FRPG GM Tip: When it’s clear that the players — especially young players — don’t want to kill every foe they meet, think about building the biggest battles of your campaign around constructs, undead, fiends, and enemies who have freely chosen a path of irredeemable evil.

FRPG Player Tip: Characters don’t necessarily need to be balanced in their features and roles to have a fun game, but balance in look and feel is usually a good idea. Your “Bob the Fighter” can feel out of place next to more “realistic” characters, so ask the other players how they feel about that. 

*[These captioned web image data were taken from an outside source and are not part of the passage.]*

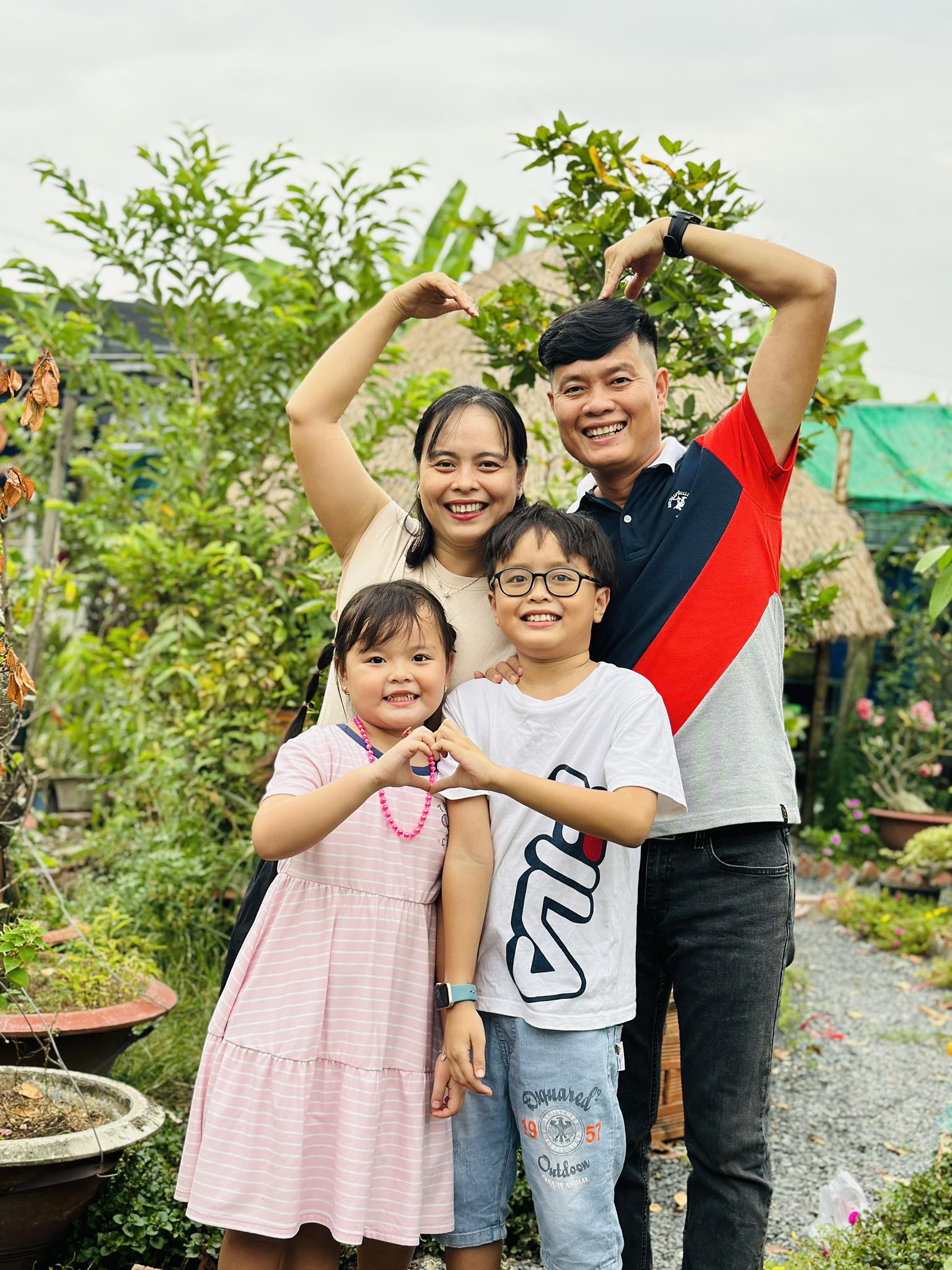 Nam đạo diễn Khương Dừa bên gia đình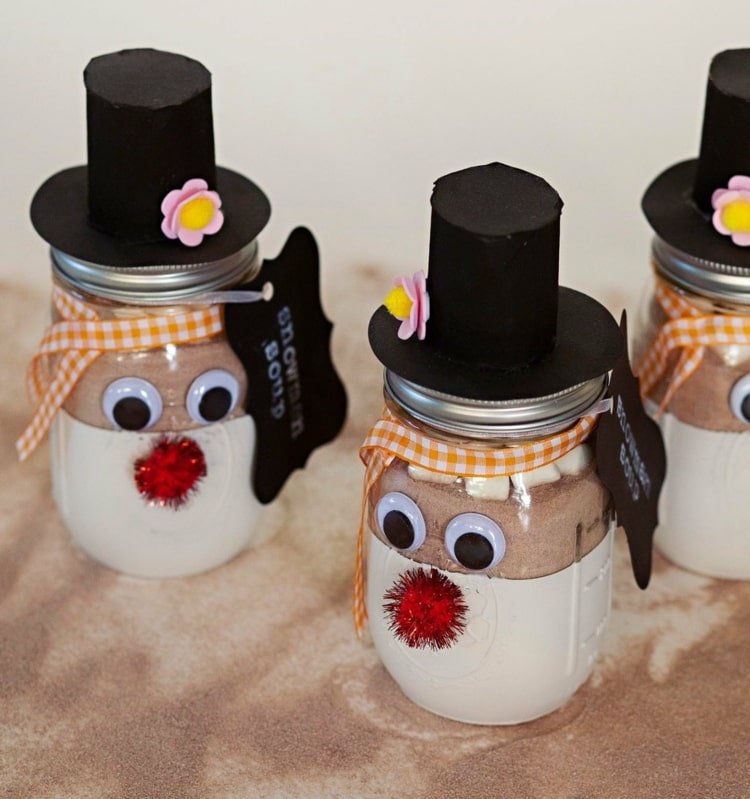 Recept na polievku snehuliaka v pohári s kakaom a klobúkom snehuliaka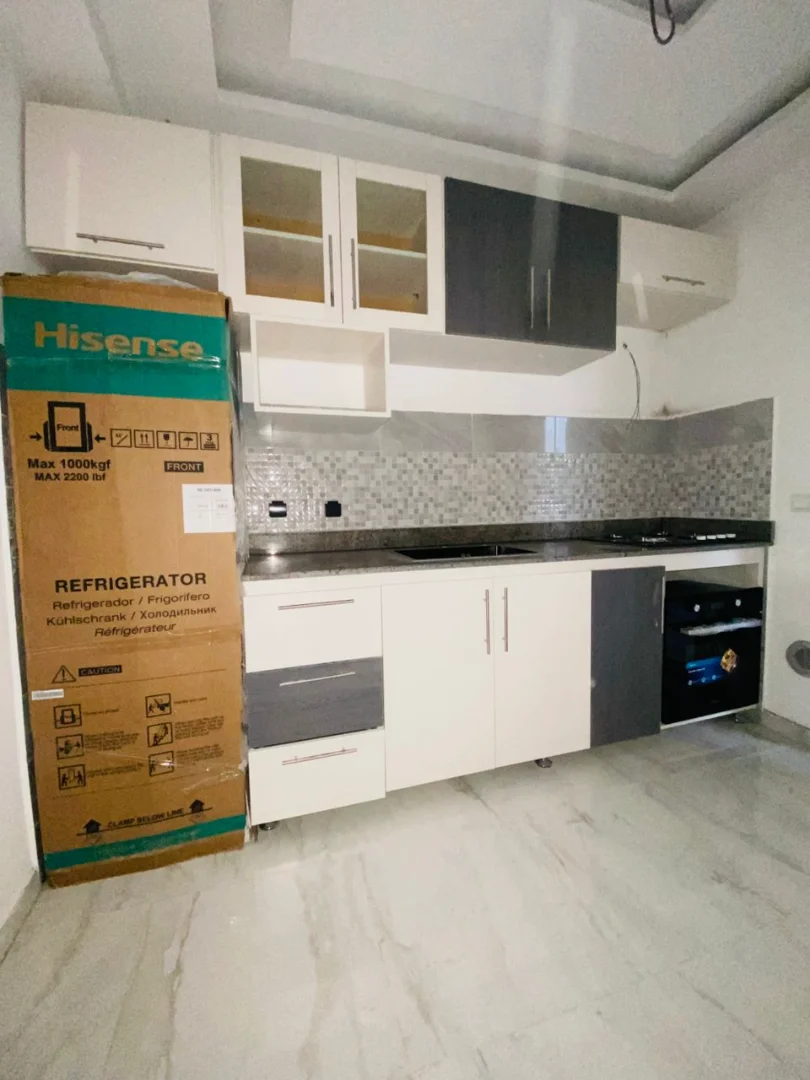 Cuisine moderne sur mesure à Abidjan – Fabrication et installation de meubles de cuisine, vue 4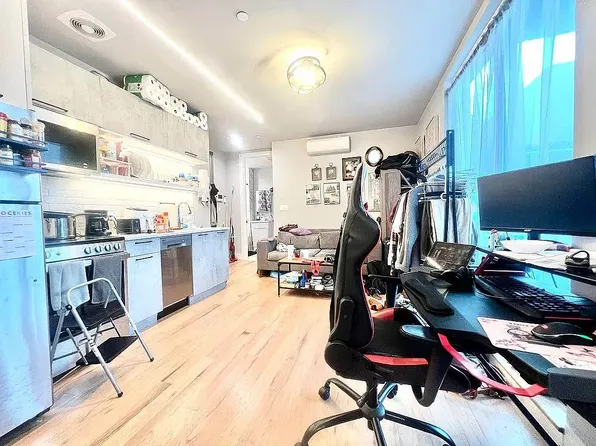 13 Jefferson St, Brooklyn, NY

FRPG GM Tip: When characters attempt to sneak or hide, avoid opposed rolls in favor of setting a DC based on your sense of the challenge. Sneaking by a tired town guard at night? An easy check. Hiding by day from a pack of wood elf scouts all wired on amphetamines? Probably a hard check.

FRPG GM Tip: If the party ever ends up divided by circumstance rather than by choice, set out clear guidelines for how to bring everybody back together. Whatever subgoals emerge from being separated, make sure that reuniting is the overriding goal, and that the players know how to make that happen.

FRPG GM Tip: Players picking less-than-perfect builds or doubling up on party roles isn’t an excuse for you to run a game that’ll teach them a lesson about character optimization. It’s an invitation to show off how you can shape an adventure — even on the fly — to be a fun challenge for any group.

FRPG GM and Player Tip: When playing face-to-face, some folks are fine with food and drink at the table. Others prefer to keep game time and snack time separate. Talk to each other to make sure everyone’s happy with the snack situation. And if appropriate, snacks for the GM make a great thank-you.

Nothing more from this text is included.